[for-4.16,v4-mike,2/2] blk-mq: issue request directly for blk_insert_cloned_request
diff mbox

Message ID 20180116150148.21145-2-snitzer@redhat.com
State New
Headers show

Commit Message

Mike Snitzer Jan. 16, 2018, 3:01 p.m. UTC
From: Ming Lei <ming.lei@redhat.com>

blk_insert_cloned_request() is called in fast path of dm-rq driver, and
in this function we append request to hctx->dispatch_list of the underlying
queue directly.

1) This way isn't efficient enough because hctx lock is always required

2) With blk_insert_cloned_request(), we bypass underlying queue's IO
scheduler totally, and depend on DM rq driver to do IO schedule
completely.  But DM rq driver can't get underlying queue's dispatch
feedback at all, and this information is extreamly useful for IO merge.
Without that IO merge can't be done basically by blk-mq, which causes
very bad sequential IO performance.

Fix this by having blk_insert_cloned_request() make use of
blk_mq_try_issue_directly() via blk_mq_request_direct_issue().
blk_mq_request_direct_issue() allows a request to be dispatched to be
issue directly to the underlying queue and provides dispatch result to
dm-rq and blk-mq.

With this, the DM's blk-mq sequential IO performance is vastly
improved (as much as 3X in mpath/virtio-scsi testing).

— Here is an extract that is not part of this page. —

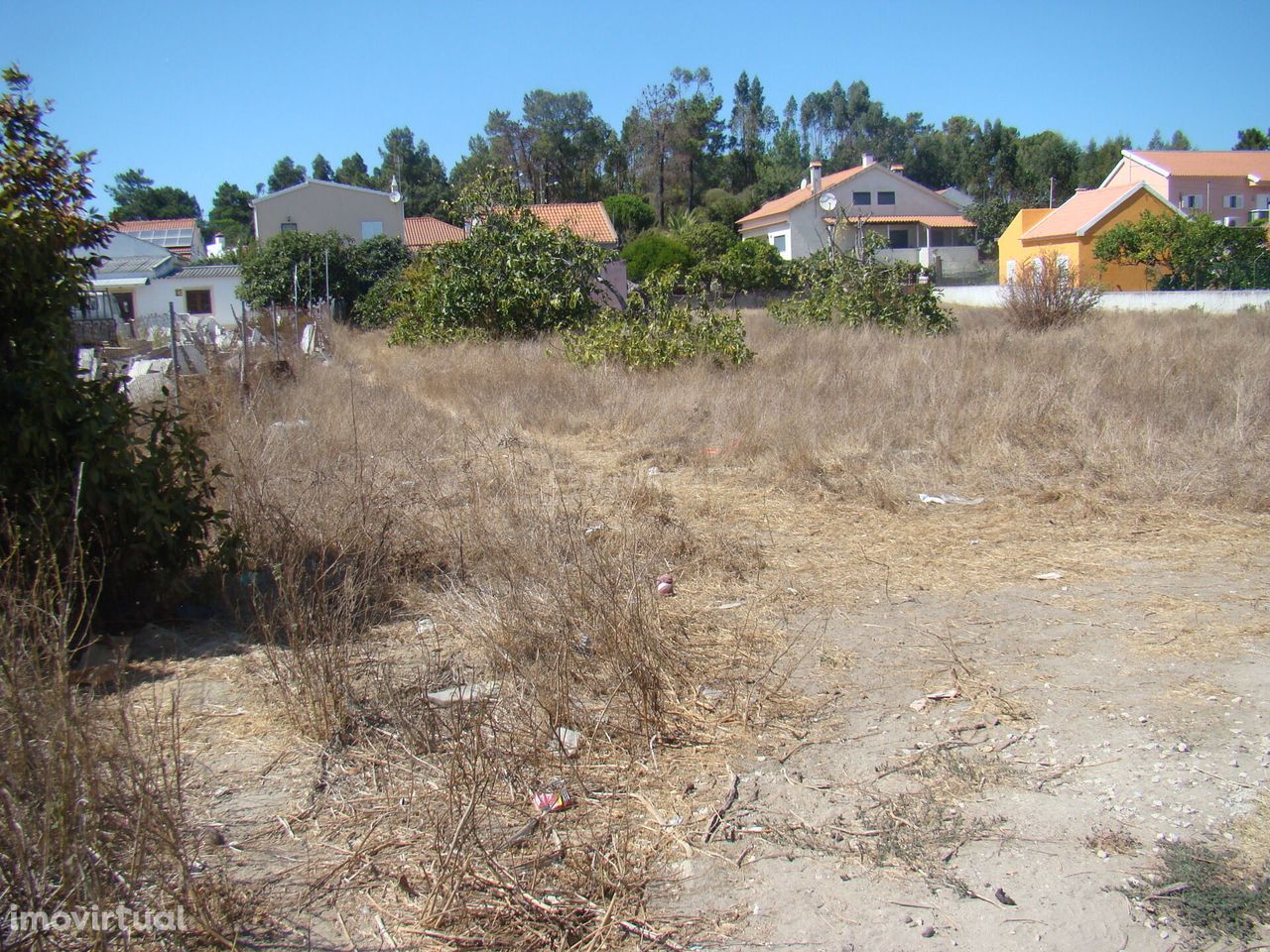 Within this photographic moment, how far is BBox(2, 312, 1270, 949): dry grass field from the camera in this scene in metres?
2.73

Signed-off-by: Ming Lei <ming.lei@redhat.com>
Signed-off-by: Mike Snitzer <snitzer@redhat.com>
---
 block/blk-core.c   |  3 +--
 block/blk-mq.c     | 42 ++++++++++++++++++++++++++++++++++++------
 block/blk-mq.h     |  3 +++
 drivers/md/dm-rq.c | 19 ++++++++++++++++---
 4 files changed, 56 insertions(+), 11 deletions(-)

Comments

Jens Axboe Jan. 16, 2018, 5:20 p.m. UTC | #1
On 1/16/18 8:01 AM, Mike Snitzer wrote:
> From: Ming Lei <ming.lei@redhat.com>
> 
> blk_insert_cloned_request() is called in fast path of dm-rq driver, and
> in this function we append request to hctx->dispatch_list of the underlying
> queue directly.
> 
> 1) This way isn't efficient enough because hctx lock is always required
> 
> 2) With blk_insert_cloned_request(), we bypass underlying queue's IO
> scheduler totally, and depend on DM rq driver to do IO schedule
> completely.  But DM rq driver can't get underlying queue's dispatch
> feedback at all, and this information is extreamly useful for IO merge.
> Without that IO merge can't be done basically by blk-mq, which causes
> very bad sequential IO performance.
> 
> Fix this by having blk_insert_cloned_request() make use of
> blk_mq_try_issue_directly() via blk_mq_request_direct_issue().
> blk_mq_request_direct_issue() allows a request to be dispatched to be
> issue directly to the underlying queue and provides dispatch result to
> dm-rq and blk-mq.
> 
> With this, the DM's blk-mq sequential IO performance is vastly
> improved (as much as 3X in mpath/virtio-scsi testing).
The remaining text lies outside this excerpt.